I originally found this question here.
We pick three random numbers $x,y,z$ independently from the uniform distribution $U(0,1)$. What is the probability $\max(x,y,z)-\min(x,y,z)\le\frac{2}{3}$?
I know there are several solutions, e.g. one using geometry, and one using direct integration. However, I am curious specifically with one of the approaches suggested also in the above link. The approach is to, say, define a random variable $w\triangleq \max(x,y,z)-\min(x,y,z)$ and find the cumulative density for $w$. To do so, my approach would be: $$F_w(w)=6\int_{x=0}^1\int_{z=\max(0,x-w)}^x\int_{y=z}^x1dydzdx=6\left(\int_{x=0}^w\int_{z=0}^x \int_{y=z}^x1dydzdx+\int_{x=w}^1\int_{z=x-w}^x\int_{y=z}^x1dydzdx\right)=6\left(\frac{w^2}{2}-\frac{w^3}{3}\right)=3w^2-2w^3$$
Note we multiply by 6 because of permutations of $(x,y,z)$. However, the "Expanded Solution 3" in the link suggestions you can simply compute the probability density of $y$ with $x\geq y\geq z$ holding $$f_y(x\geq y\geq z)=\int_y^1\int_0^y1dzdx=y-y^2$$ and then integrate this from $0$ to $w$ to get the desired cumulative density $F_w(w)$ $$\int_{0}^wf_y(x\geq y\geq z)=\int_{0}^w (y-y^2)dy=\frac{w^2}{2}-\frac{w^3}{3}$$ Multiplying by 6 to account for permutations gives the same expression I derived.

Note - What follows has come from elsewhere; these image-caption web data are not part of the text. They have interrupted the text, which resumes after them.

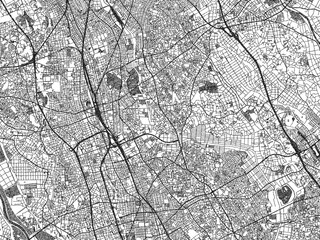 Fototapeta premium Illustrated map of Saitama, Japan, in black and white hand-drawn digital style.
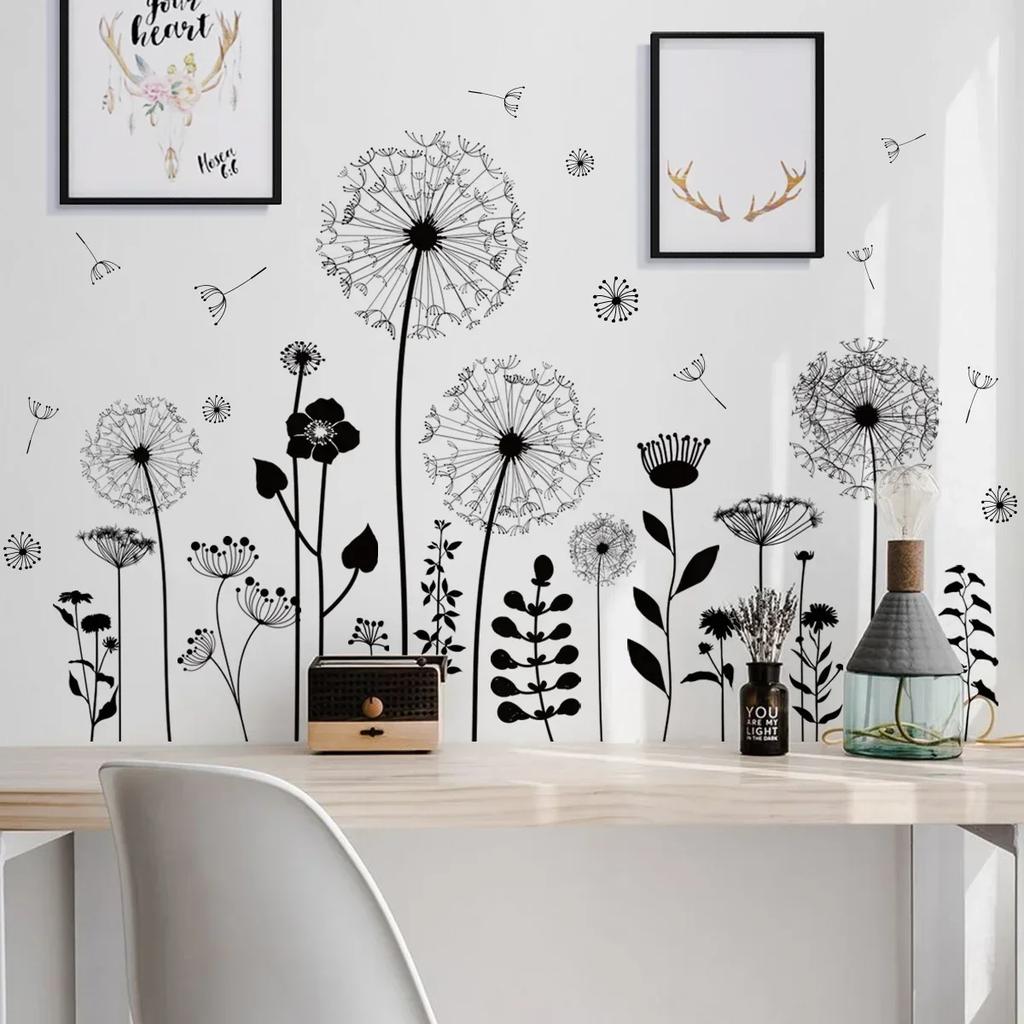 Wall Sticker Decorative Vinyl Adhesive Wall Sticker Wall Flowers Dandelion for Window Room Bedroom Black Home Decoration
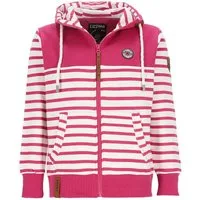 Lizzard Sports Kapuzensweatjacke Damen Sweatjacke im Streifen-Uni-Mix - Kapuzenjacke mit Reißverschluss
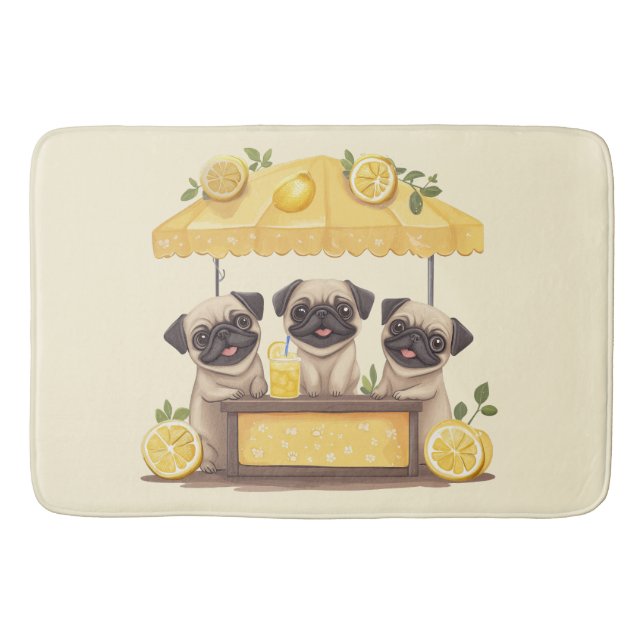 Pug Dogs Lemonade Stand Bath Mat (Front)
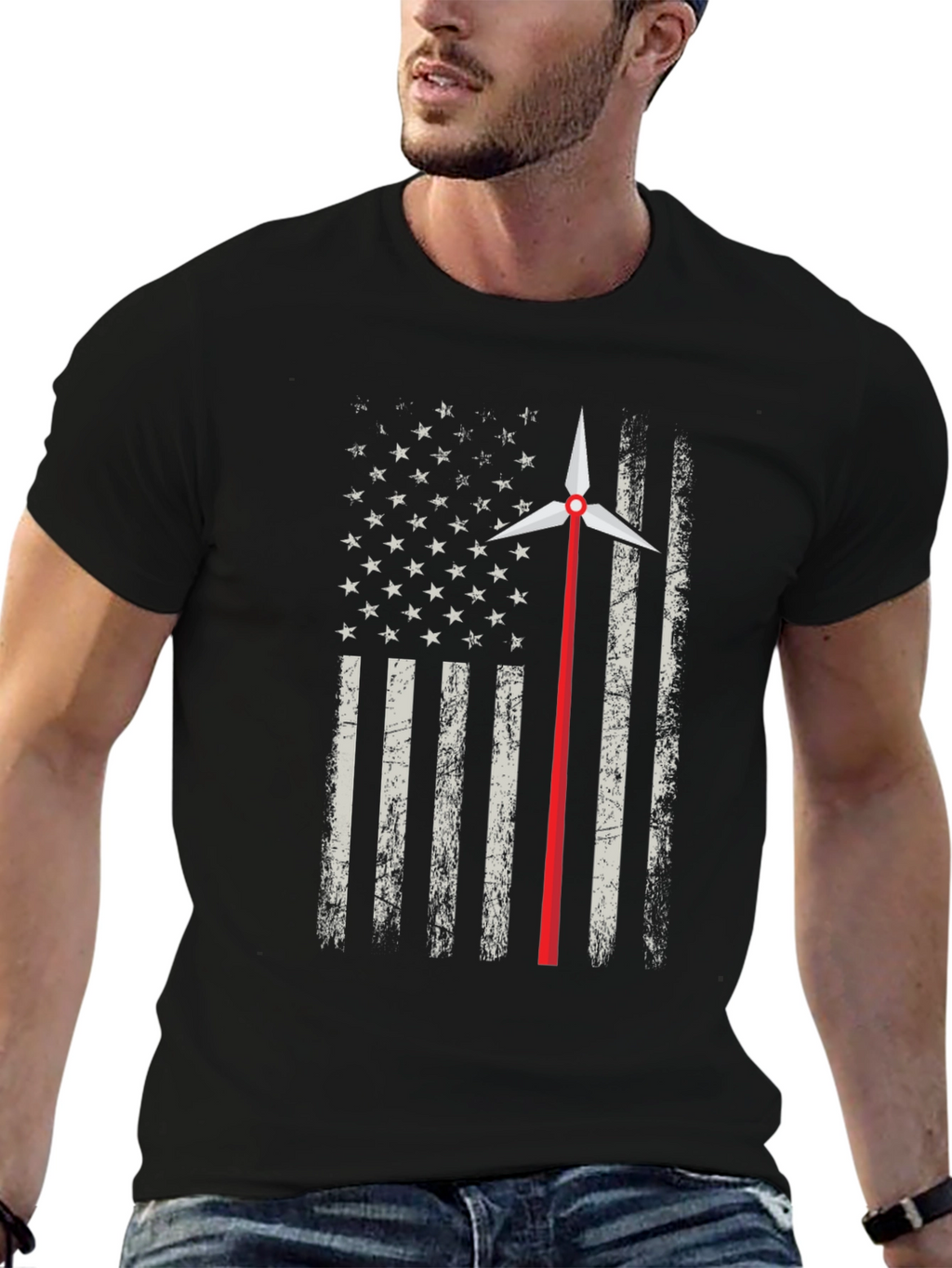 American Flag Wind Turbine T-Shirt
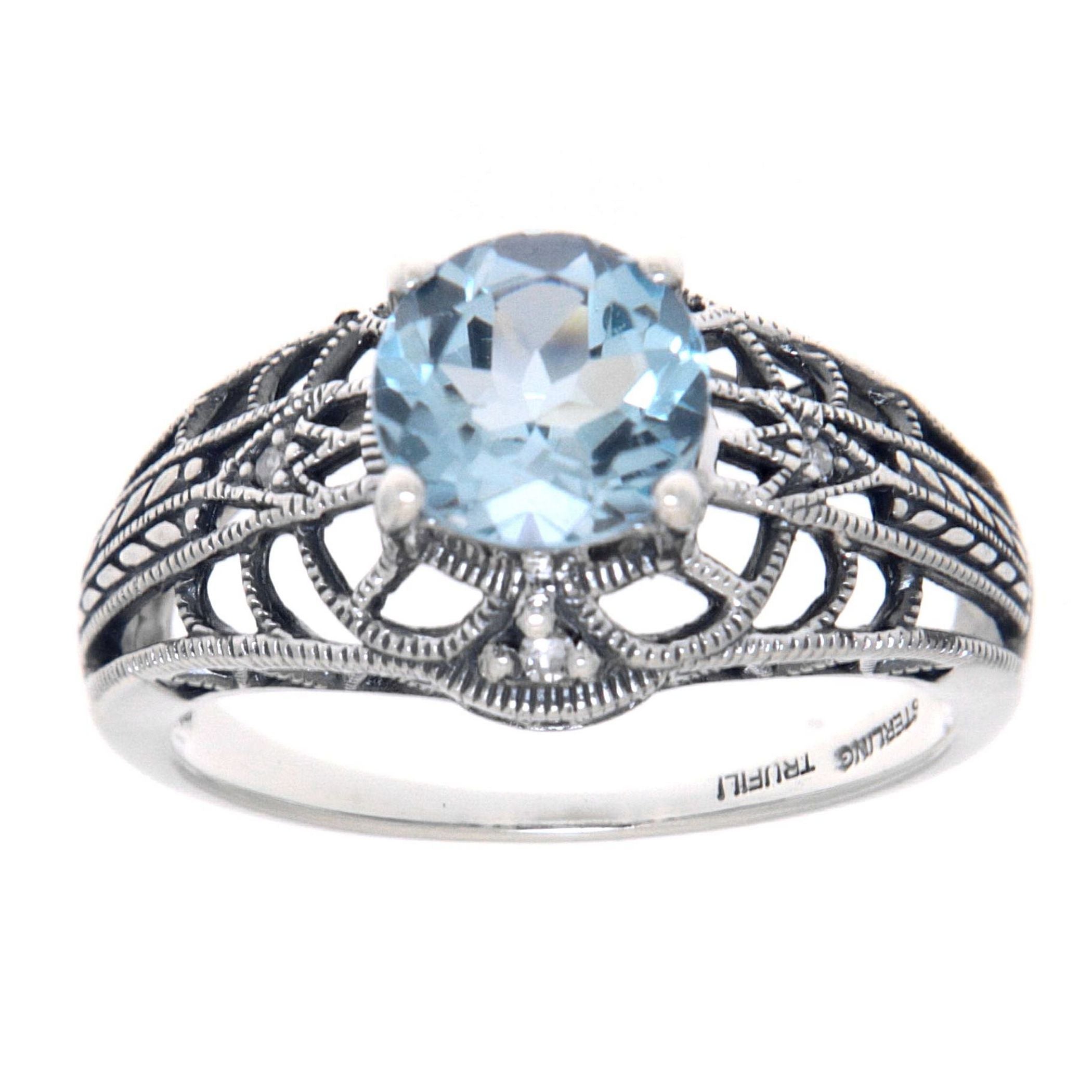 Detail view of Art Deco Style Blue Topaz Filigree Ring with Four Diamonds Sterling 925 highlighting Blue Topaz, Diamond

Can someone explain why this "shortcut" works? It's not obvious to me why integrating this probability density for $y$ from $0$ to $w$ would give the desired cumulative density, as this $f_y$ has nothing to do with the max minus min, no? I'm probably missing something simple, but any insights would be appreciated. Thanks!